ArtAsyl – ein kurzer, prägnanter Name, der die Sache im Kern trifft. Es geht um Kunst und es geht um Integration. Zwei Bereiche, die symbiotisch werden können, wie der ehrenamtliche Verein aus Köln beweist. Im September 2015 haben sich 10 junge Menschen zusammengeschlossen, um den Fragen nach Migration und Integration mit einer Sprache zu begegnen, die jeder versteht: Der Sprache der Kunst. Mit gemeinsamer Kraft und dem Wunsch dort anzupacken, wo es am nötigsten ist, haben die Initiatoren zusammen mit vielen ehrenamtlichen Helfern eine Plattform geschaffen, die geflüchteten Menschen die Möglichkeit bietet künstlerisch tätig zu werden. In unzähligen Projekten und Workshops wird gemalt, getanzt und musiziert, denn es soll vor allem darum gehen, den oftmals traumatisierten Teilnehmern einen Raum zu geben Vergangenes zu verarbeiten, sich auszudrücken und die eigene Kreativität zu fördern. Eine Herangehensweise, die 2016 auch den Bezirksbürgermeister des Stadtbezirks Köln-Innenstadt überzeugt hat und der seitdem als Schirmherr des Vereins fungiert. Wir haben Jérôme Lenzen, erster Vorsitzender und Mitbegründer von ArtAsyl, in Köln getroffen.

Bei ArtAsyl sind der Kreativität keine Grenzen gesetzt © Jérôme Lenzen

 

Lieber Jérôme, wann wurde ArtAsyl gegründet und wie kam es eigentlich zu der Idee?

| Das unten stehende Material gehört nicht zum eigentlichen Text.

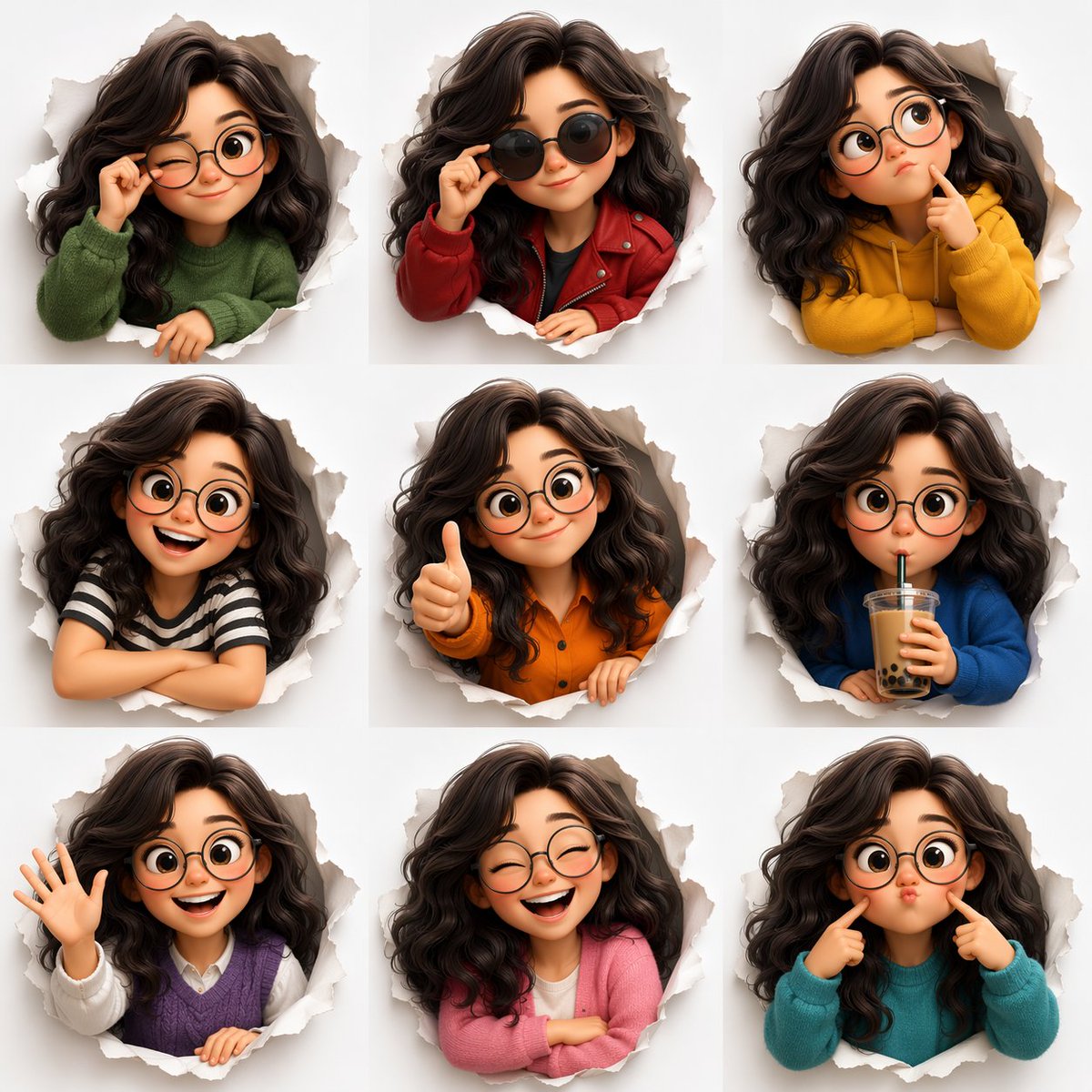3D Pixar-style expression sheet, cute stylized avatar with wavy dark hair and round glasses, 3x3 grid layout, peeking th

Gab es auf deiner Seite eine Art Initialzündung, um das Projekt ins Leben zu rufen?

ArtAsyl wurde am 3. September 2015 gegründet. Die Idee entstand allerdings schon deutlich früher. Als in Dresden die Pegida-Anhänger anfingen Montags „spazieren“ zu gehen, reifte mehr und mehr der Gedanke diesem Trend etwas entgegen zu setzen, eine eigene Initiative zu starten. Es ging darum ein Bekenntnis zu einer offenen Gesellschaft zu formulieren, aber es gleichzeitig nicht dabei zu belassen, sondern mit konkreten Taten diese offene Gesellschaft auch zu gestalten. Dies verschmolz dann mit meiner ursprünglichen Idee eines interkulturellen Ateliers. In vielen Gesprächen mit meinen Freunden Johannes (Paasche, Zweiter Vorsitzender) und Julius (Bruncken, Gründungsmitglied) wurde der Plan schließlich immer konkreter, wir haben viel Kaffee und auch das eine oder andere Kölsch getrunken. Am Ende stand dann die Gründung von ArtAsyl, obwohl das eigentlich erst der Anfang von allem war.

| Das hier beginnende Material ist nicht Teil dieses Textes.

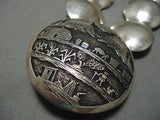One Of Most Intricate Vintage Native American Navajo Turquoise Sterling Silver Bead Necklace Old-Nativo Arts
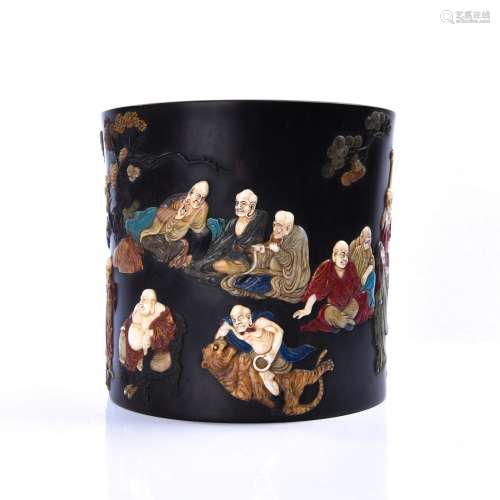 Wood Brush Pot With Inlaid Stone Wise Men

Kunst verbindet Kulturen“ ist ein zentraler Gedanke von ArtAsyl. Vor allem in der heutigen Zeit ist das Thema Integration wichtiger denn je. Wie schafft es euer Verein die Brücke zwischen den Menschen unterschiedlicher Kulturen zu schlagen und Kunst zu einem Verbindungselement werden zu lassen?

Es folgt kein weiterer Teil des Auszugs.